● **Information given**

╭──

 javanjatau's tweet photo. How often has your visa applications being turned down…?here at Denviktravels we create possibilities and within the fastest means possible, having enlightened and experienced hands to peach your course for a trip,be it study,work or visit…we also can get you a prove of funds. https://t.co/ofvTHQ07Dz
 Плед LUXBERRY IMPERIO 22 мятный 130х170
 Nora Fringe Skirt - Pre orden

╰──
╭──

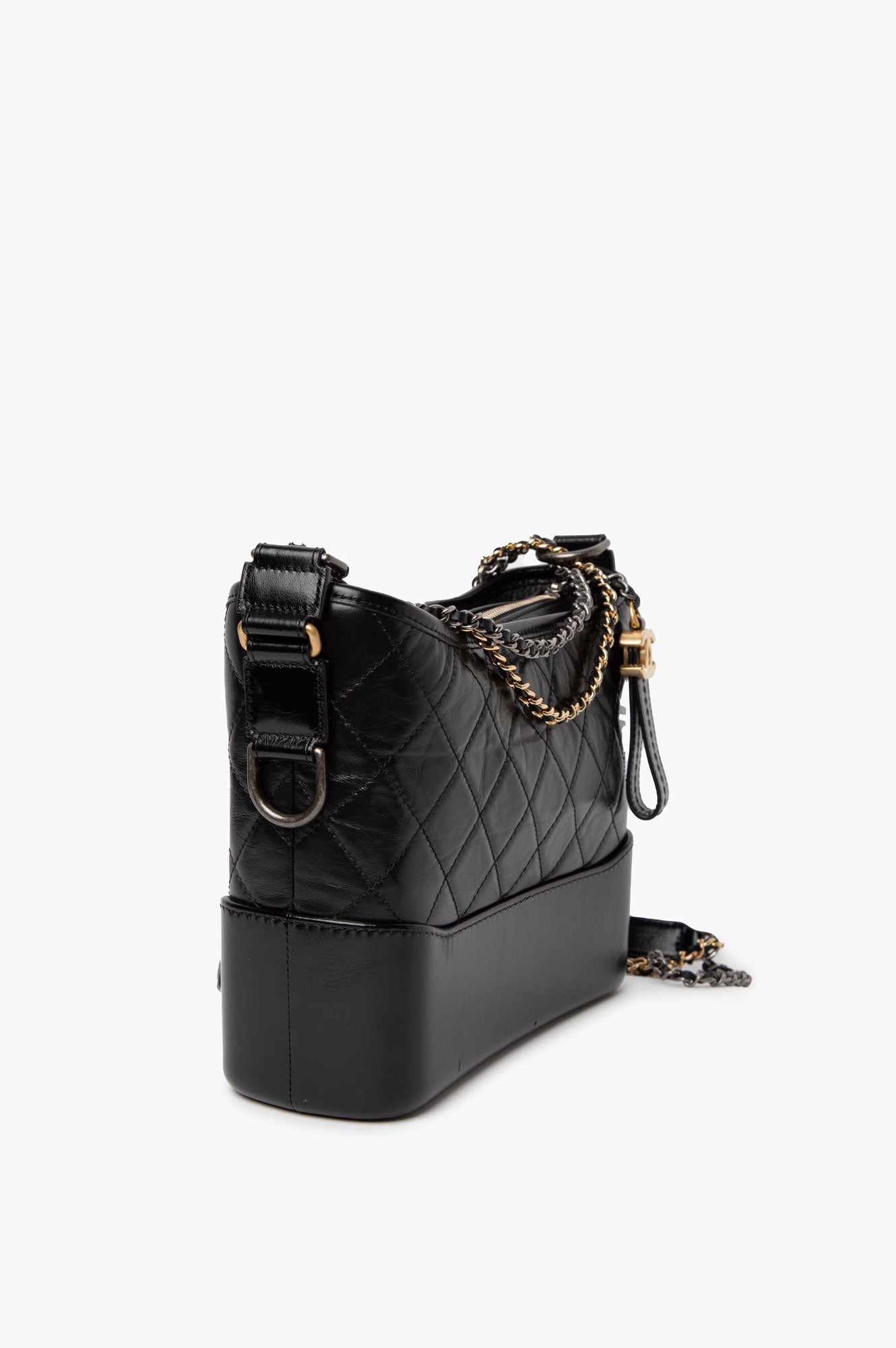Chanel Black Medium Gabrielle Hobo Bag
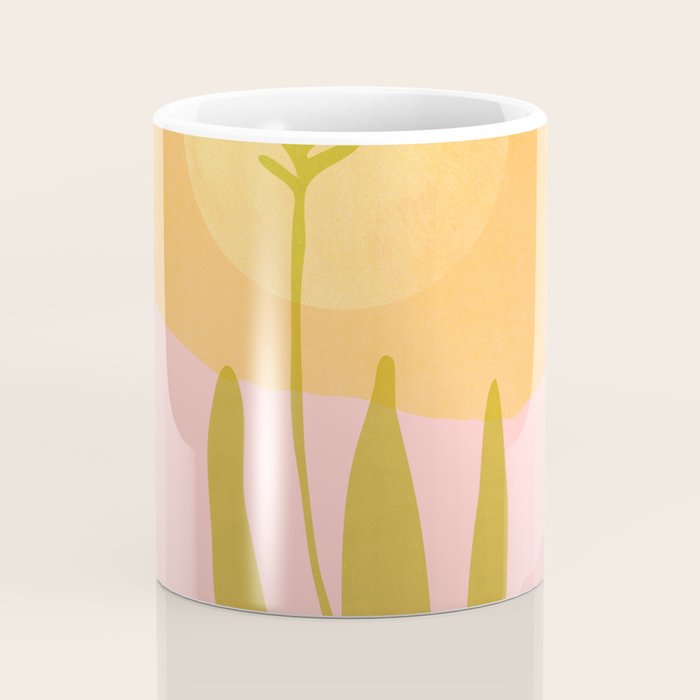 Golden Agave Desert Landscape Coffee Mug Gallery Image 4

╰──

● **Task prompt**
Could you restate, word for word, the lines above from the one with "javanjatau's tweet photo." to the one with "Nora Fringe Skirt - Pre orden", both included?

● **Response to this task**
 javanjatau's tweet photo. How often has your visa applications being turned down…?here at Denviktravels we create possibilities and within the fastest means possible, having enlightened and experienced hands to peach your course for a trip,be it study,work or visit…we also can get you a prove of funds. https://t.co/ofvTHQ07Dz
 Плед LUXBERRY IMPERIO 22 мятный 130х170
 Nora Fringe Skirt - Pre orden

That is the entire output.